DESCRIPTION (provided by applicant): The T cell immunoglobulin mucin (TIM) family of novel receptor-ligand pairs plays important roles in T cell activation, differentiation and effector function, and in regulation of immune responses in autoimmunity and allergy/asthma, but its functions in alloimmune responses are poorly defined. Our central hypothesis, supported by extensive preliminary data, is that the TIM-1 :TIM-4 pathway, by affecting T helper cell differentiation, play important roles in alloimmune responses and tolerance in vivo. In addition, data from our group and others suggest a possible role of the TIM family of molecules in the function of regulatory T cells. The main goal of this proposal is to define the role and understand the mechanisms of action of the TIM-1:TIM-4 pathway in regulating alloimmune responses in vivo as a means of achieving durable and reproducible tolerance in murine transplant models. Unique tools, including anti-TIM agonistic and blocking antibodies and fusion proteins, and gene knockout and TCR transgenic animals will be used to dissect the functions of the TIM-1 :TIM-4 pathway in alloimmunity using vascularized transplant models of acute and chronic rejection, and stringent models of skin transplantation. More specifically, the aims of the project are: 1. To investigate the functions of the TIM-1 :TIM-4 pathway in alloimmune responses in vivo. 2. To investigate the functions of the TIM-1 :TIM-4 pathway in chronic rejection. 3. To investigate the mechanisms of action of targeting the TIM-1 :TIM-4 pathway in alloreactivity and tolerance via defining the fate of alloreactive T cells in vivo. 4. To study the role of the TIM-1 :TIM-4 pathway in generation/function of Foxp3 regulatory T cells in vivo. Overall, our specific aims describe complimentary approaches that should lead to the development of innovative strategies to permit solid organ graft acceptance without chronic rejection to translate to primates and humans.

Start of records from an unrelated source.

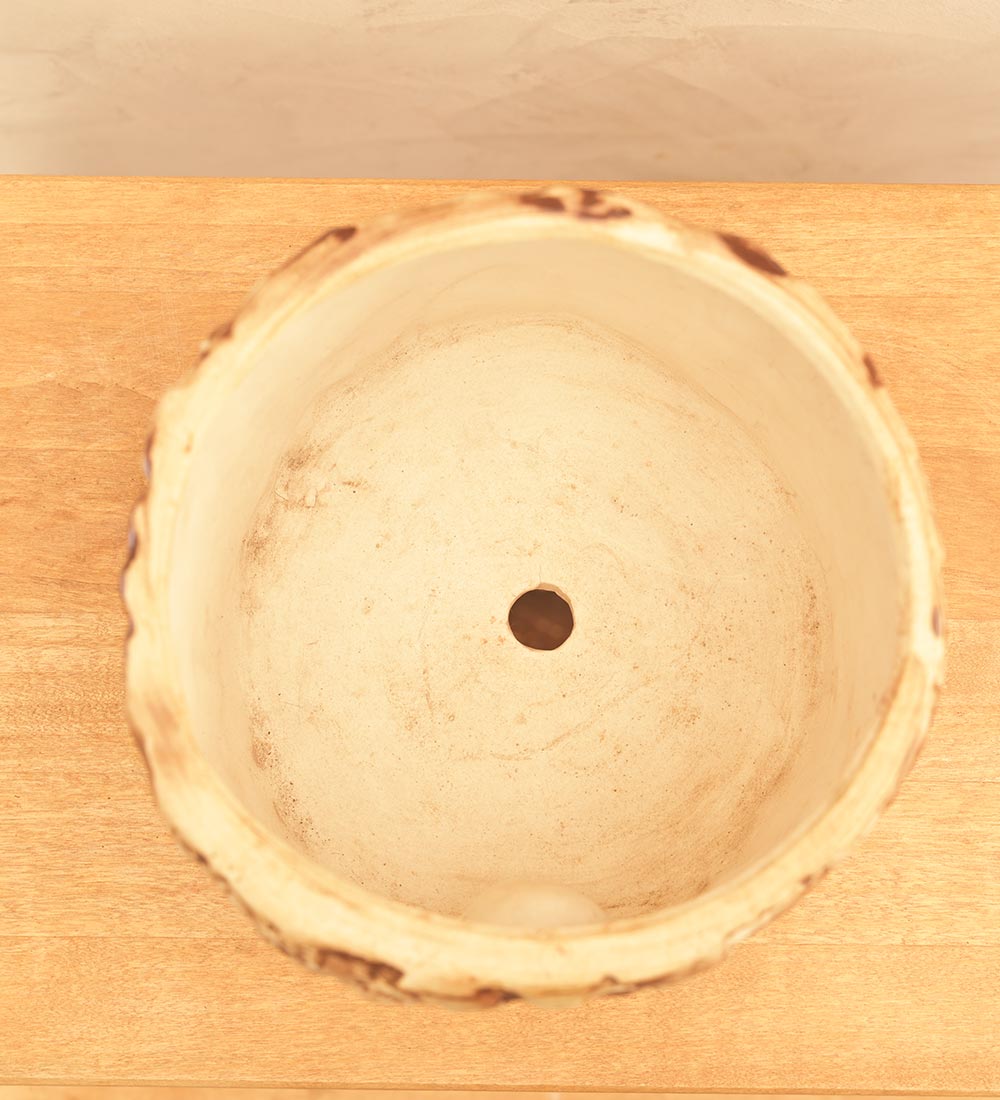 Tree Trunk Ceramic Planter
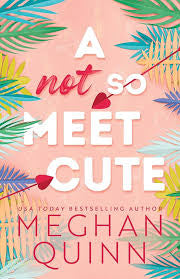 A Not So Meet Cute - (Cane Brothers) by Meghan Quinn (Paperback)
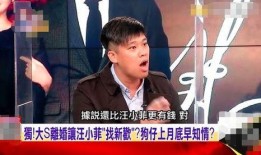 汪小菲的爆料视频大全,揭秘背后真相与情感纠葛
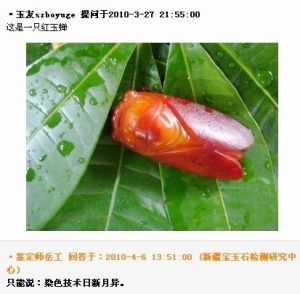 玉石鉴定师解答提问语言幽默  第1张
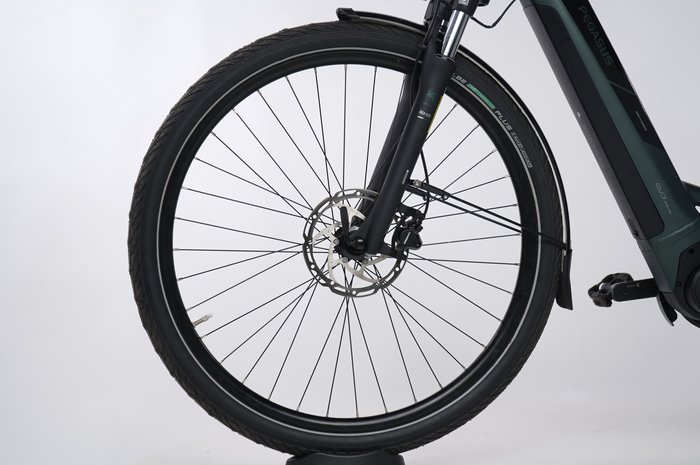 PEGASUS Solero Evo 8R Belt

描述（由申请人提供）：T细胞免疫球蛋白粘蛋白（TIM）新型受体配体对家族在T细胞激活，分化和效应子功能以及自身免疫和过敏/哮喘中免疫反应的调节中起着重要作用，但是它在AlloMmune响应中的功能较差。我们的中心假设得到了广泛的初步数据的支持，是tim-1：tim-4途径通过影响T辅助细胞分化，在体内中扮演着重要的作用，在体内发挥重要作用。此外，我们小组和其他人的数据表明，TIM分子家族在调节T细胞功能中的可能作用。该提案的主要目的是定义角色并了解TIM-1：TIM-4途径在调节体内同种免疫反应方面的作用机制，以作为在鼠类移植模型中实现耐用且可再现的耐受性的一种手段。独特的工具，包括抗TIM激动剂和阻断抗体和融合蛋白，以及基因敲除和TCR转基因动物，用于使用急性和慢性抑制模型的血管化移植模型的血管化移植模型，以及皮肤移植的严格模型，在同种免疫性中剖析TIM-1：TIM-4途径的功能。更具体地说，该项目的目的是：1。研究TIM-1：TIM-4途径在体内响应中的功能。 2。研究慢性排斥反应中TIM-1：TIM-4途径的功能。 3。通过定义体内同种反应性T细胞的命运，研究靶向TIM-1：TIM-1：TIM-1：TIM-4途径的作用机制。 4。研究TIM-1：TIM-4途径在体内Foxp3调节T细胞的发电/功能中的作用。总体而言，我们的具体目的描述了免费的方法，这些方法应导致创新策略的发展，以允许固体器官移植的接受而无需长期拒绝以转化为灵长类动物和人类。